* Exercise input *
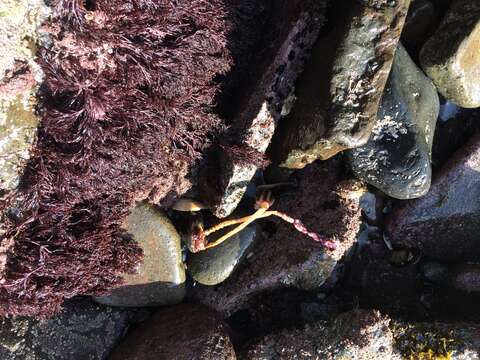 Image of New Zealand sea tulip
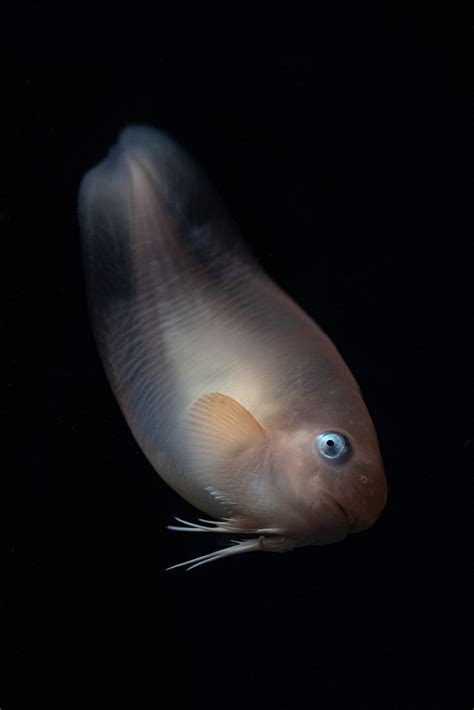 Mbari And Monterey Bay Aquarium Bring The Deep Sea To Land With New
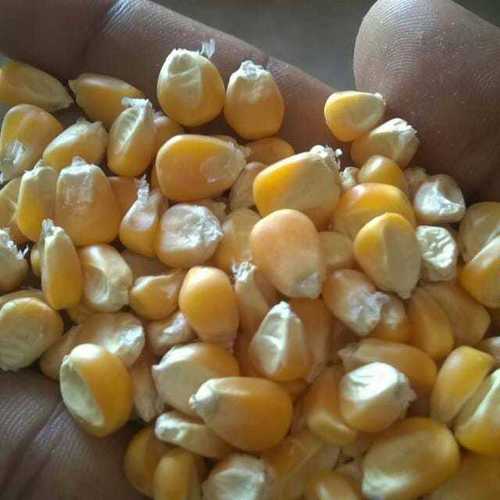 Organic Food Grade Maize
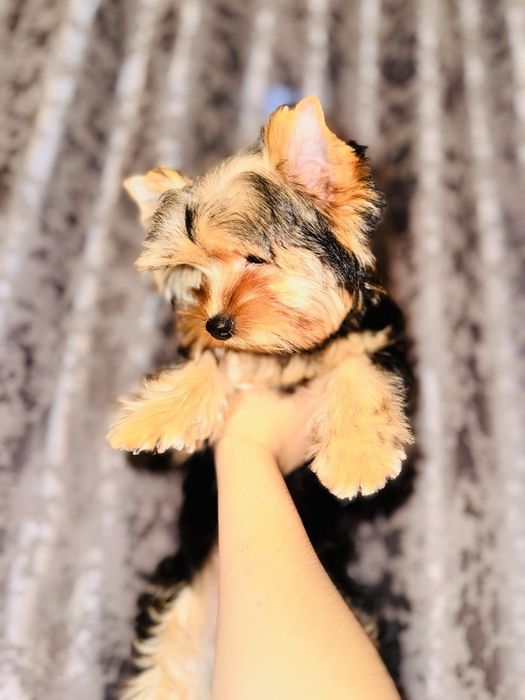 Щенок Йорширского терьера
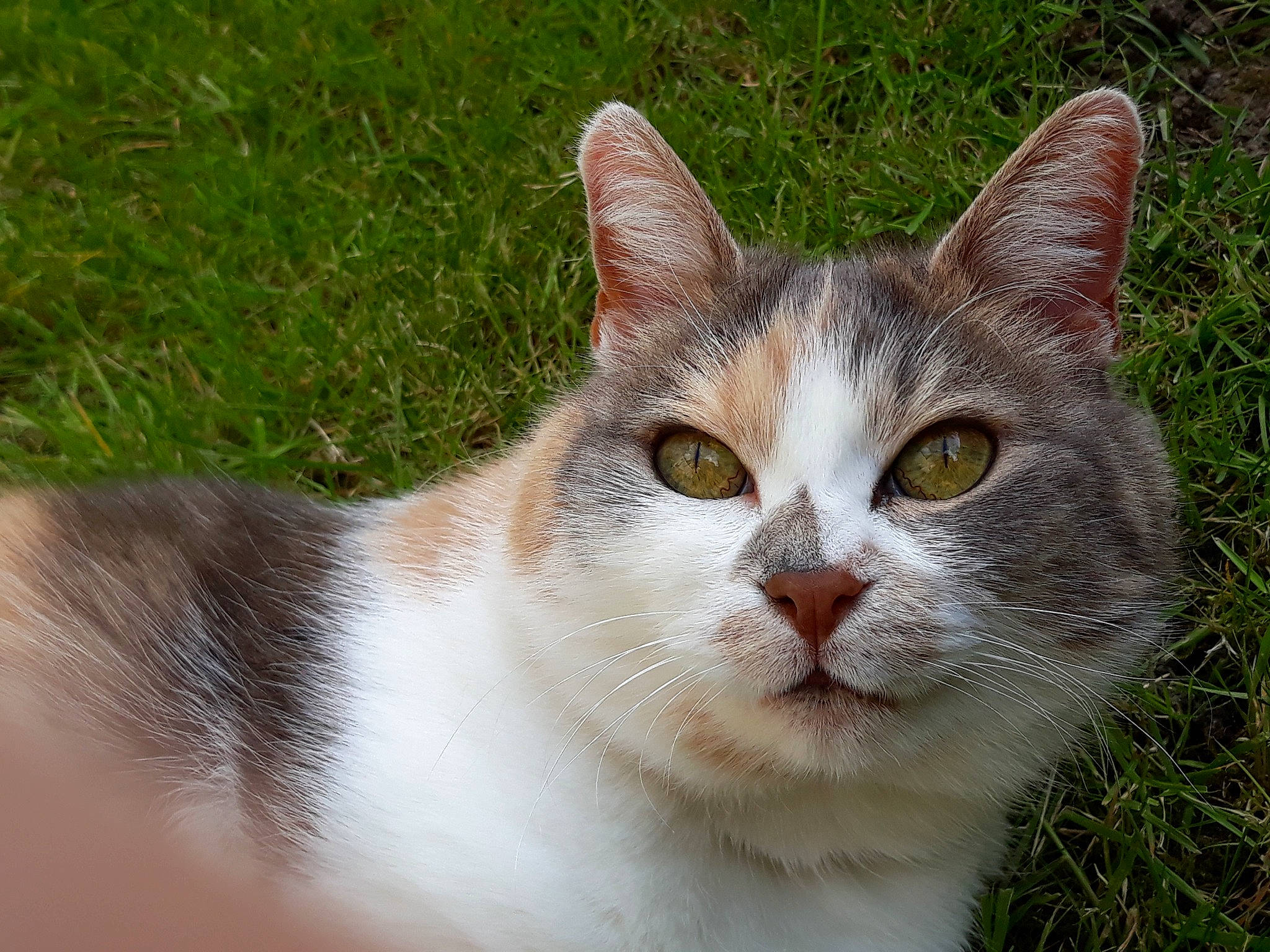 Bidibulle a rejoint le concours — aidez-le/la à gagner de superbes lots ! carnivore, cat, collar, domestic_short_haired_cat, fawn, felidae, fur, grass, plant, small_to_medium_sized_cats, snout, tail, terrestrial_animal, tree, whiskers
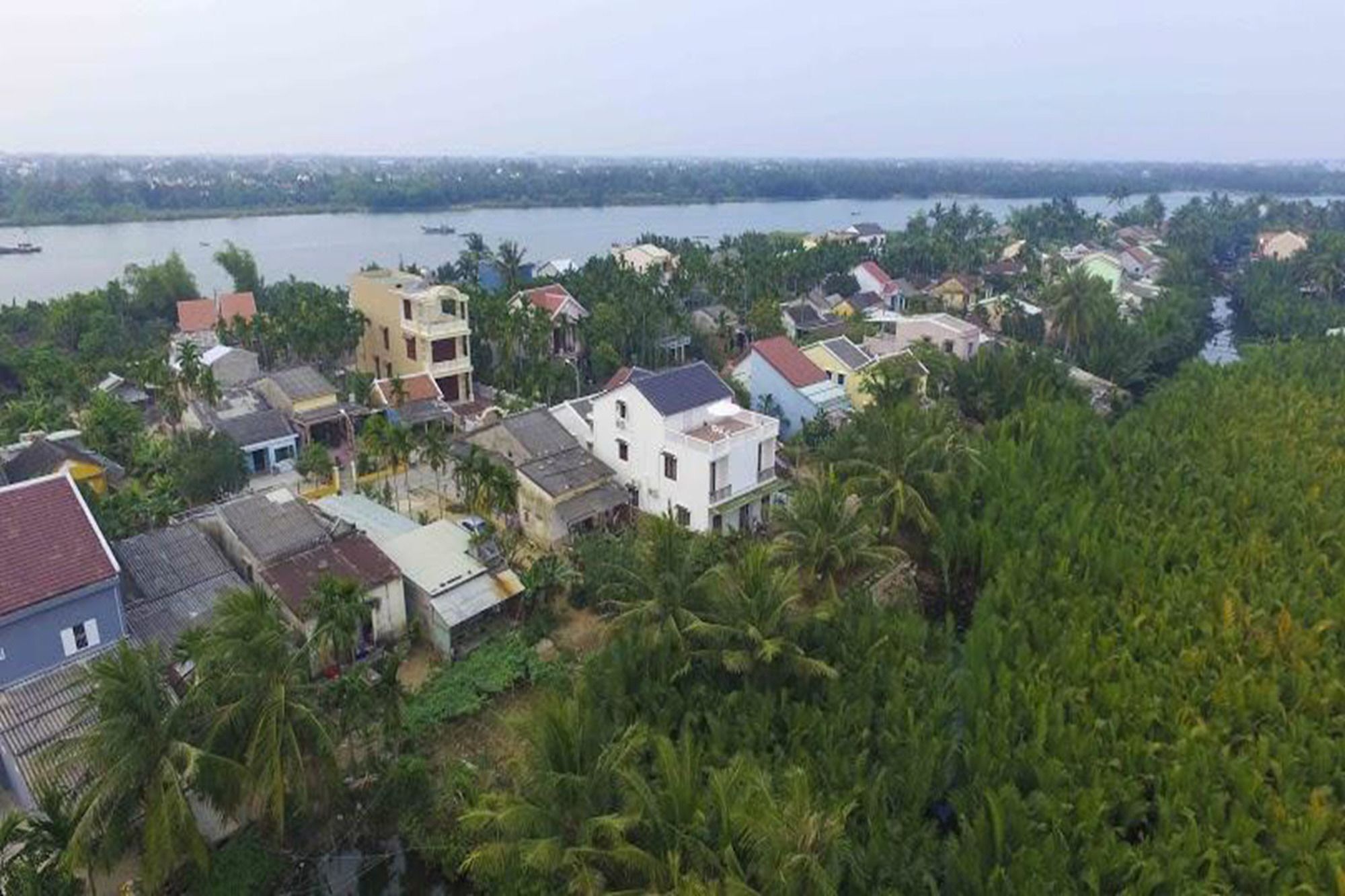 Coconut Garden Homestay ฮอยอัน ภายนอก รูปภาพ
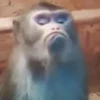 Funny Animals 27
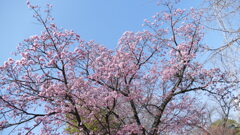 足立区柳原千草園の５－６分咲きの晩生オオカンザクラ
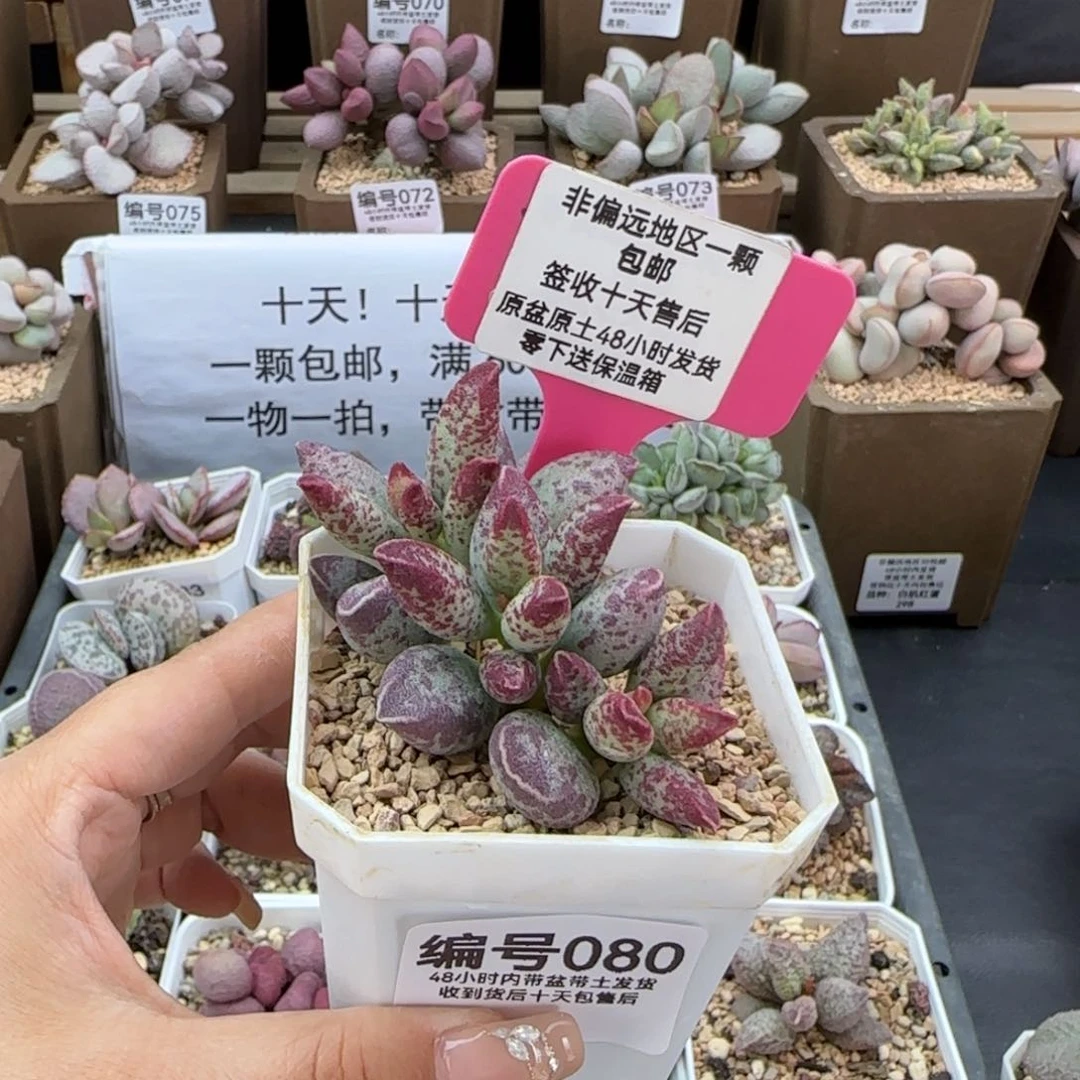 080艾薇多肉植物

* What the task asks *
Output nothing except the lines from the one containing "Bidibulle a rejoint" through the final line of the entries, repeated exactly and free of pictures.

* Problem solution *
 Bidibulle a rejoint le concours — aidez-le/la à gagner de superbes lots ! carnivore, cat, collar, domestic_short_haired_cat, fawn, felidae, fur, grass, plant, small_to_medium_sized_cats, snout, tail, terrestrial_animal, tree, whiskers
 Coconut Garden Homestay ฮอยอัน ภายนอก รูปภาพ
 Funny Animals 27
 足立区柳原千草園の５－６分咲きの晩生オオカンザクラ
 080艾薇多肉植物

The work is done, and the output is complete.